Area audiences now have under their belts some nine years of intimately reimagined Sondheim and Kander & Ebb shows at Signature Theatre, a half-decade’s worth of jewellike African-American revues at Studio, and a regular diet of diminutive Gilbert & Sullivan from Interact Theatre Company, to cite just three troupes that have traded heavily in the form.

Their output has certainly varied in quality, as has that of Arena Stage and other companies that once dismissed musicals as dinner-theater fare but that have lately discovered virtues—both artistic and economic—in the form. Still, a consistent, areawide emphasis on intimacy over spectacle has had a noticeable effect on patron taste and sophistication.

Take the matter of amplification. D.C. audiences have become accustomed, as have few audiences in the nation, to the sound of unamplified singing from their professional stages. And as patrons have become savvy enough to complain when mikes are used unnecessarily, casting has improved. Where Signature once recruited singers mostly from area dinner theaters, it has lately ranged much further afield, bringing, for instance, the brilliant Anne Kanengeiser here from Chicago to sing Fosca in Passion (she’s currently appearing in the Broadway-bound Ragtime), and pairing her with rising Broadway star Lewis Cleale.

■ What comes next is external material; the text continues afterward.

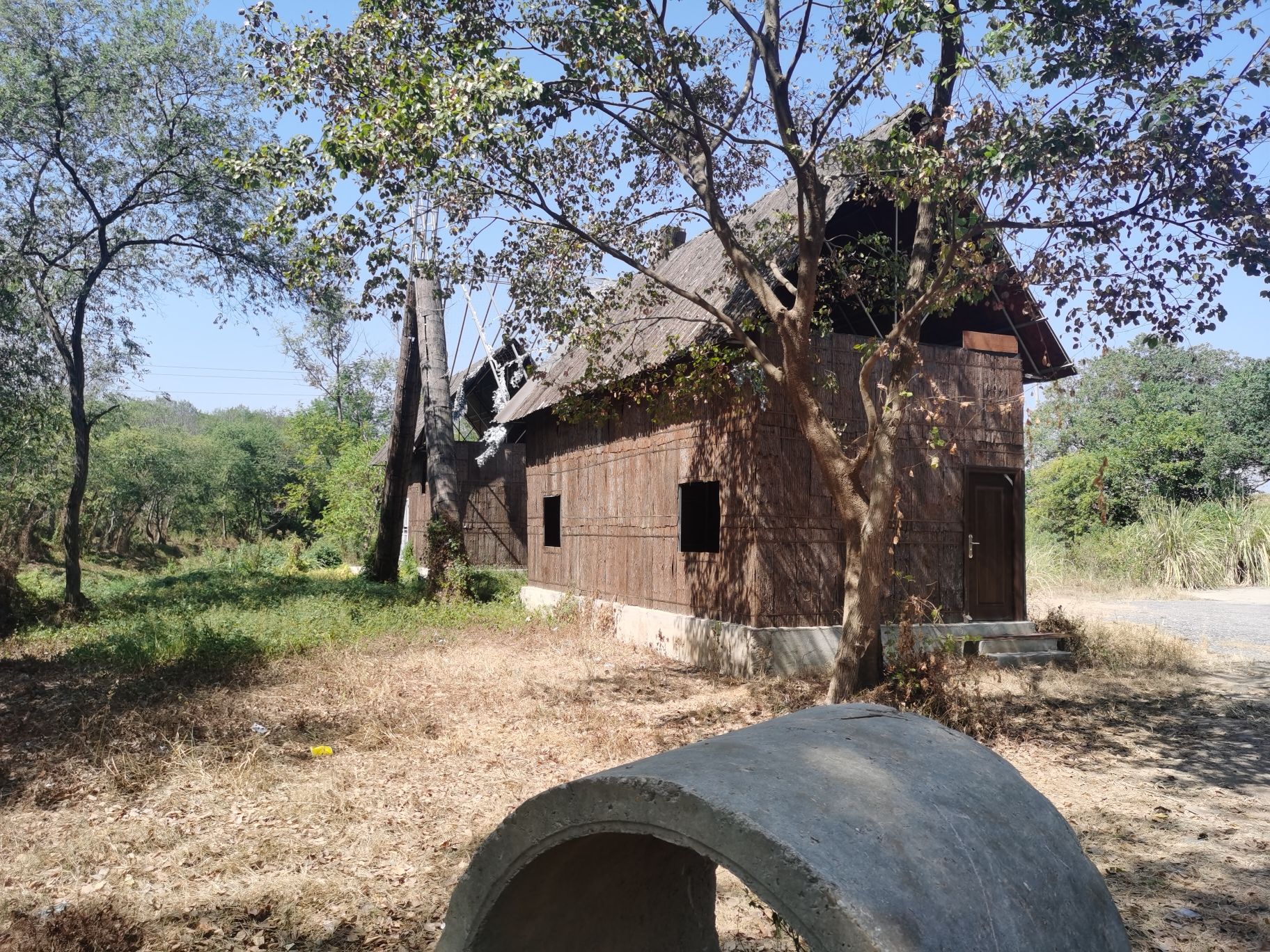 青龙洲森林乐园旅行图片 1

Along the way, patrons hereabouts have also discovered that theatrical intimacy—the sort that, say, lets an audience feel it’s eavesdropping on Fosca and Georgio from Passion’s gloomy shadows rather than listening to them trade arias from across the footlights—is at once more real and more compelling than all those seemingly realistic designer hydraulics of which Broadway has lately been so fond. When songs are allowed to develop in the manner of conversations, the audience naturally feels closer to the characters. And patrons also feel more in-the-moment, whether that moment involves being scrutinized by Nazi stormtroopers in Cabaret’s Kit Kat Klub, or being pelted with crumbs from Mrs. Lovett’s meat pies in Sweeney Todd.

Obviously, such shows were not designed to be performed in so intimate a fashion. Musicals are, by and large, presentational affairs that rely on that invisible fourth wall between actors and audience to make sense of the fact that singing is going on only on one side. Factor in the economics of a form that requires upward of a dozen musicians in the pit in addition to however many characters an author requires to tell his story, and you’ve pretty much guaranteed that most musicals will be performed in large theaters.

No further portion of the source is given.